### What you have to do
Print the records below exactly, from the line containing "Detail van de" down to the line containing "Elegant Diamond-Encrusted Ballet", both lines included, and omit every picture.

[Opening Provided records section]

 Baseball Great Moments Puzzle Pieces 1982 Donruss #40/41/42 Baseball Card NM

[Closing Provided records section]
[Opening Provided records section]

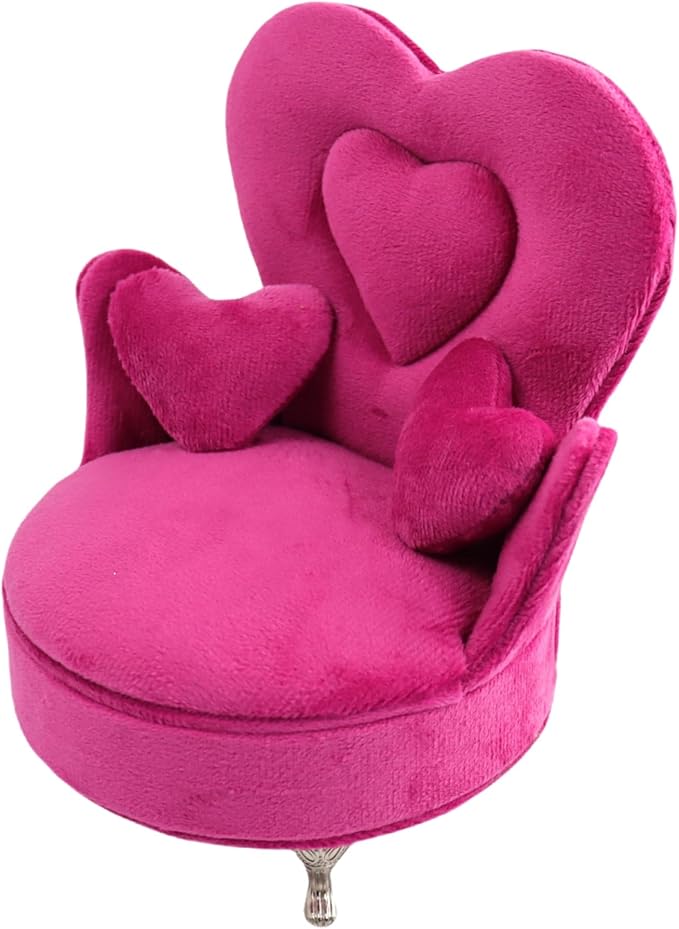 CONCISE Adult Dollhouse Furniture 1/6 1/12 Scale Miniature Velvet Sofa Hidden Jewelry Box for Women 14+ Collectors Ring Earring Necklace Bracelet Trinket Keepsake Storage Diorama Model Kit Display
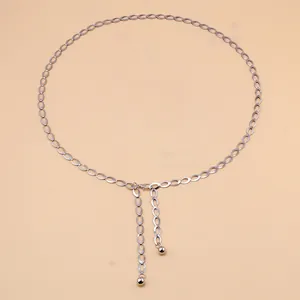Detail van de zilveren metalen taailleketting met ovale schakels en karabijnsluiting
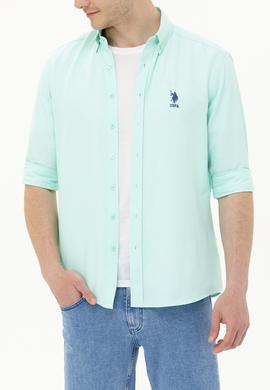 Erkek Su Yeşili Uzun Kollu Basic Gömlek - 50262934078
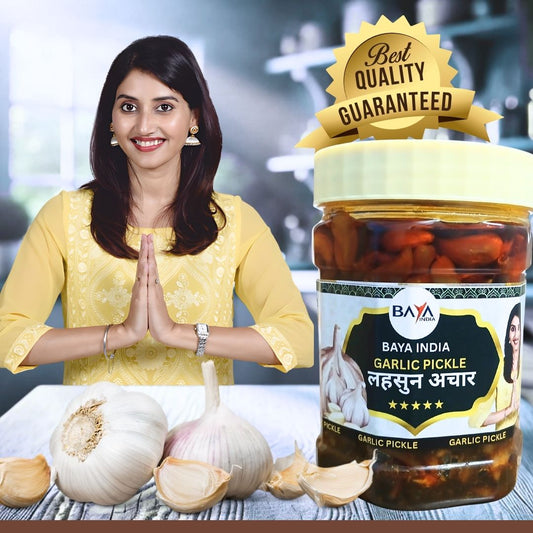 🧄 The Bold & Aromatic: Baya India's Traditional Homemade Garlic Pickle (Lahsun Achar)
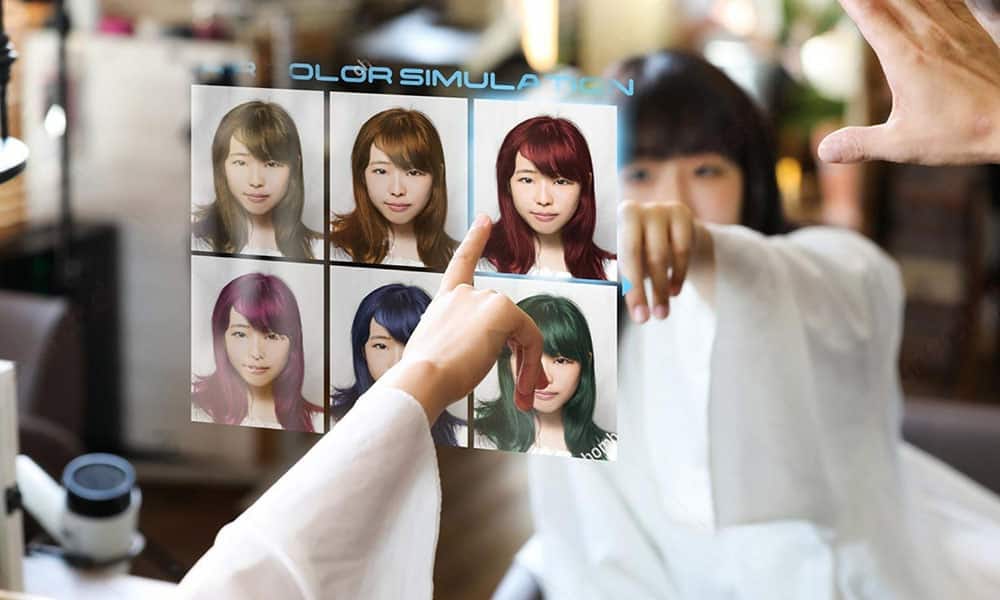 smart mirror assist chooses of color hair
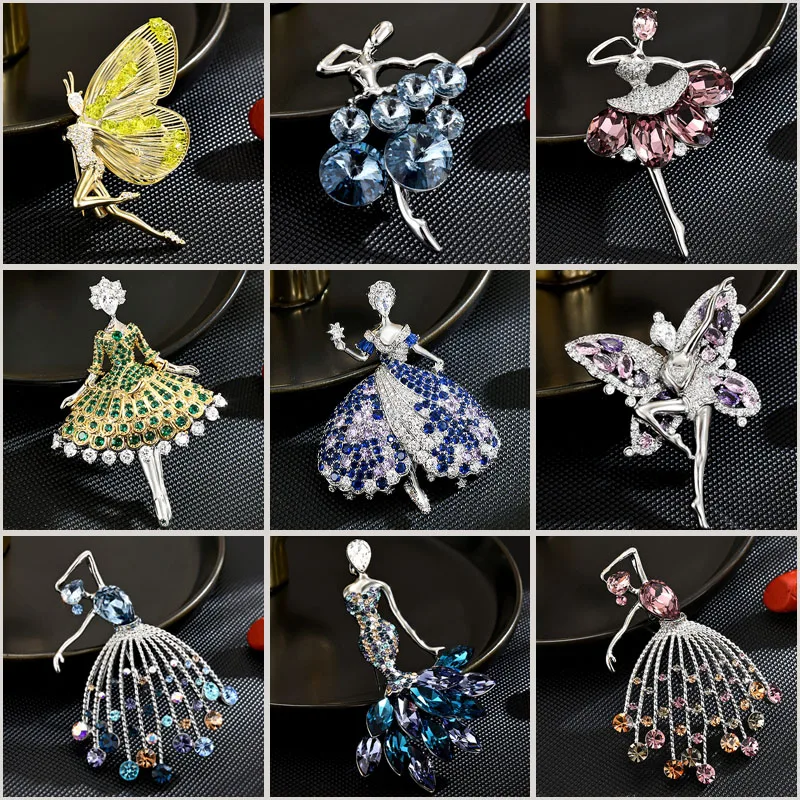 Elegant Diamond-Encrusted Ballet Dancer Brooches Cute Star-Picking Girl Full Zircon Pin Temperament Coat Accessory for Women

[Closing Provided records section]
[Opening Provided records section]

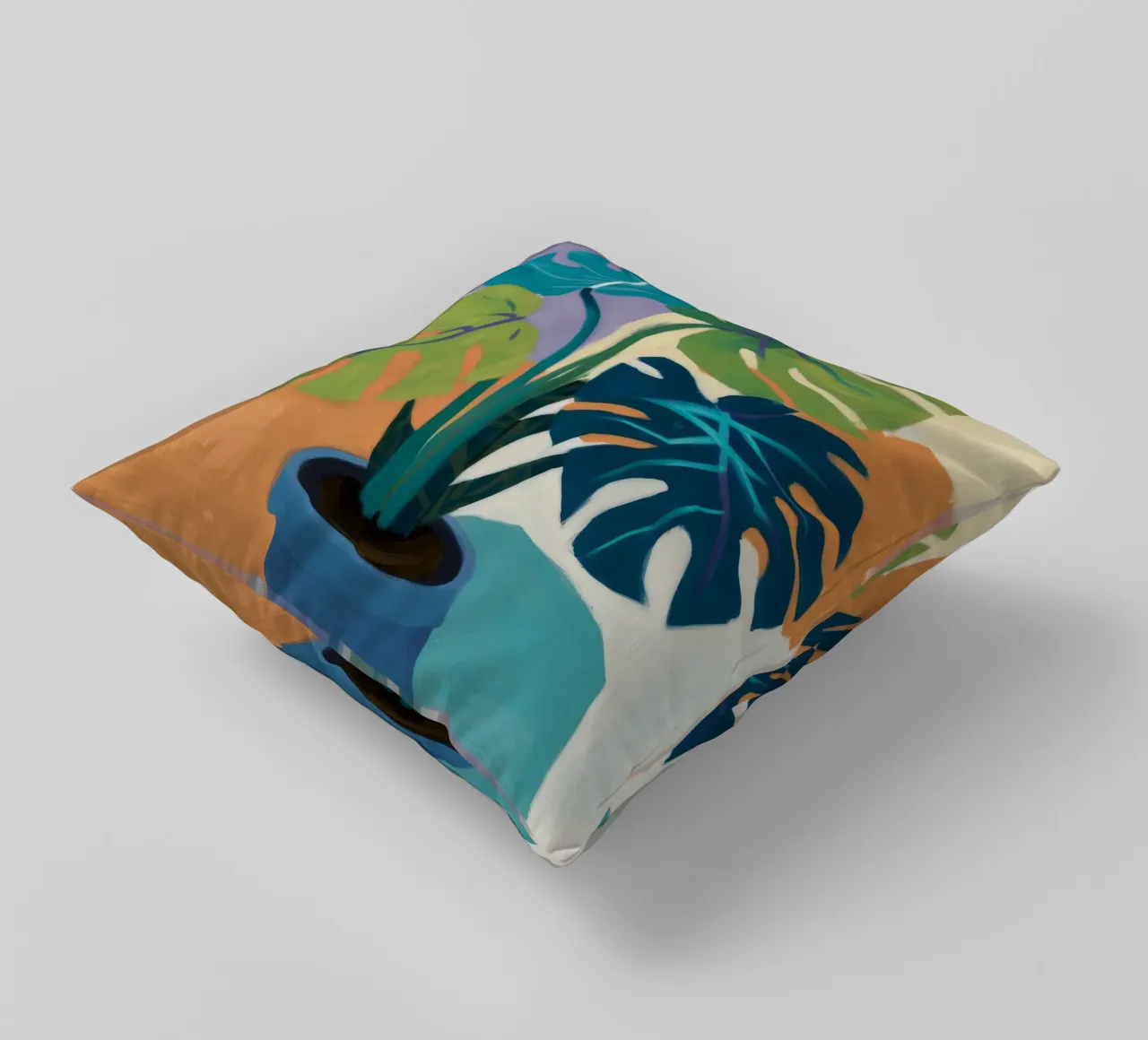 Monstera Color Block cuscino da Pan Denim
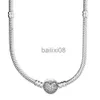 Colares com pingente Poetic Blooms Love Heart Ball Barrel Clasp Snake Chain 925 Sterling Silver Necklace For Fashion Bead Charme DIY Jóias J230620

[Closing Provided records section]

### Task result
Detail van de zilveren metalen taailleketting met ovale schakels en karabijnsluiting
 Erkek Su Yeşili Uzun Kollu Basic Gömlek - 50262934078
 🧄 The Bold & Aromatic: Baya India's Traditional Homemade Garlic Pickle (Lahsun Achar)
 smart mirror assist chooses of color hair
 Elegant Diamond-Encrusted Ballet Dancer Brooches Cute Star-Picking Girl Full Zircon Pin Temperament Coat Accessory for Women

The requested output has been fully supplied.